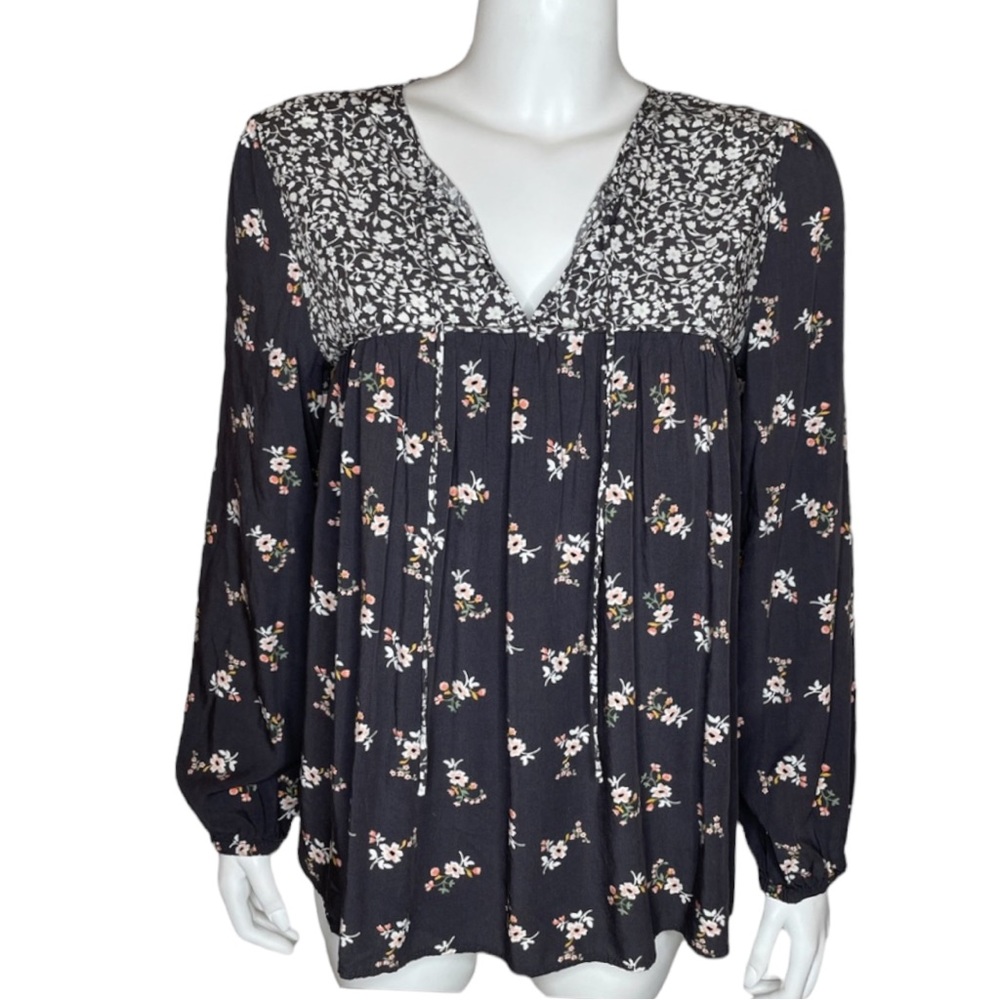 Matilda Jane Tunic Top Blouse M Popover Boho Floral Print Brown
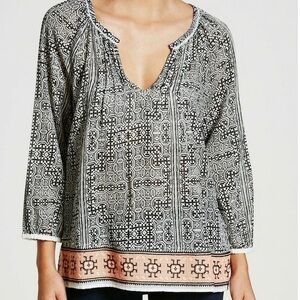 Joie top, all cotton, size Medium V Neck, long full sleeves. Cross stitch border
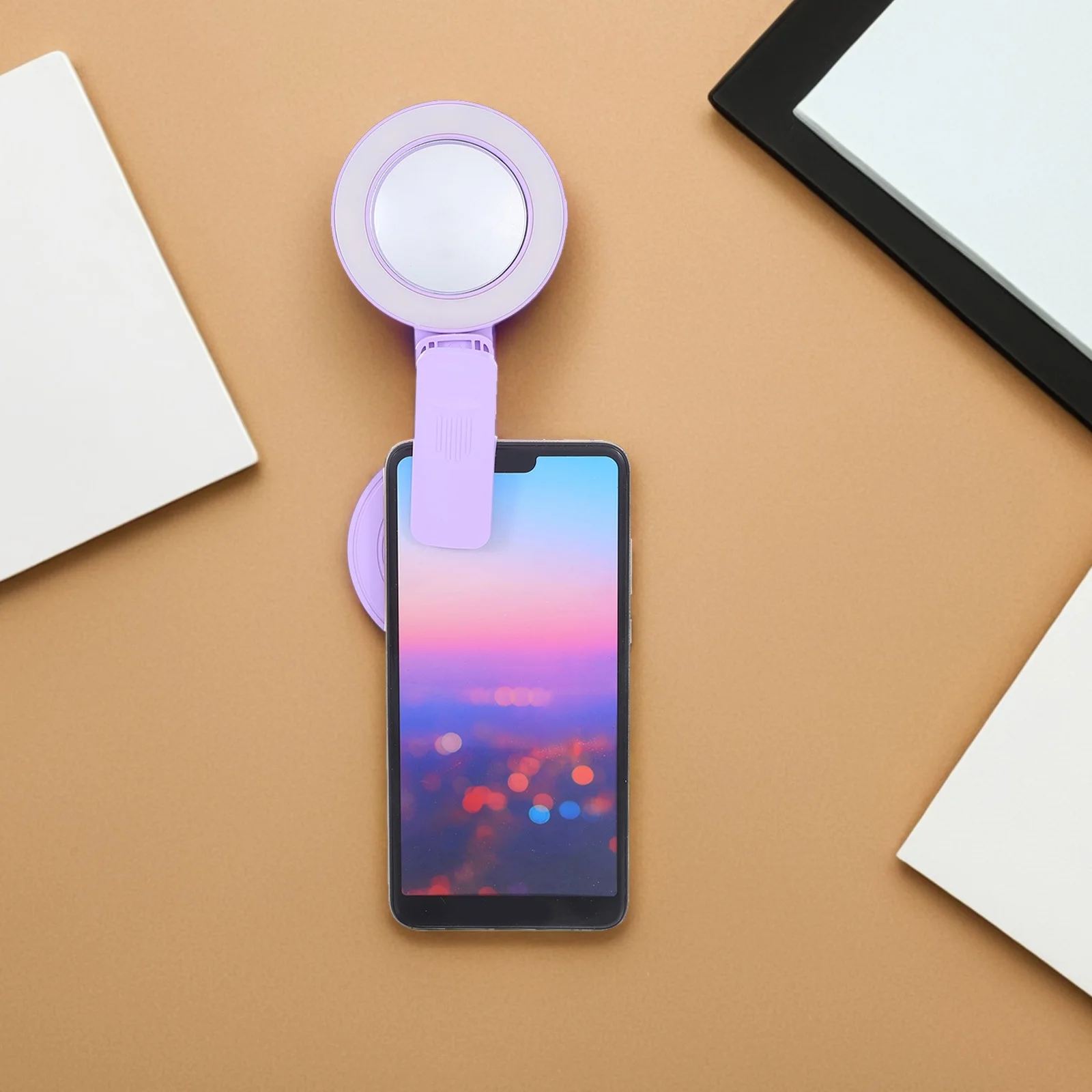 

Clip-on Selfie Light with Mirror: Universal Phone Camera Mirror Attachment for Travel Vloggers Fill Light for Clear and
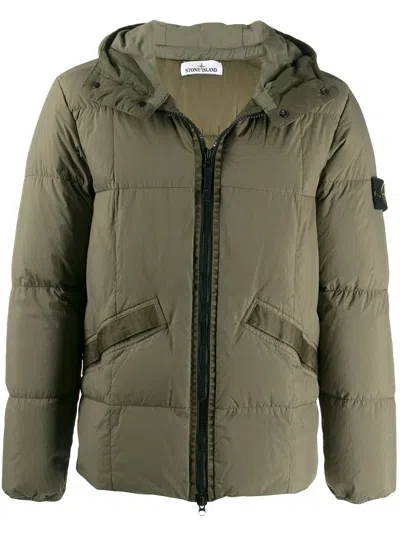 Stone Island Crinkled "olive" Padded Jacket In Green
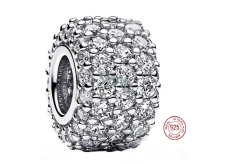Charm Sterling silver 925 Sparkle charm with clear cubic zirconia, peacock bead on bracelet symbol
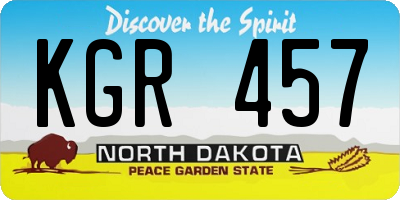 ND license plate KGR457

....................

• **WHAT YOU SHOULD DO**
Exactly the lines from the one holding "Stone Island Crinkled" to the last line of the records above should be duplicated, with no pictures among them.

• **SOLUTION FOR THIS EXERCISE**
 Stone Island Crinkled "olive" Padded Jacket In Green
Charm Sterling silver 925 Sparkle charm with clear cubic zirconia, peacock bead on bracelet symbol
 ND license plate KGR457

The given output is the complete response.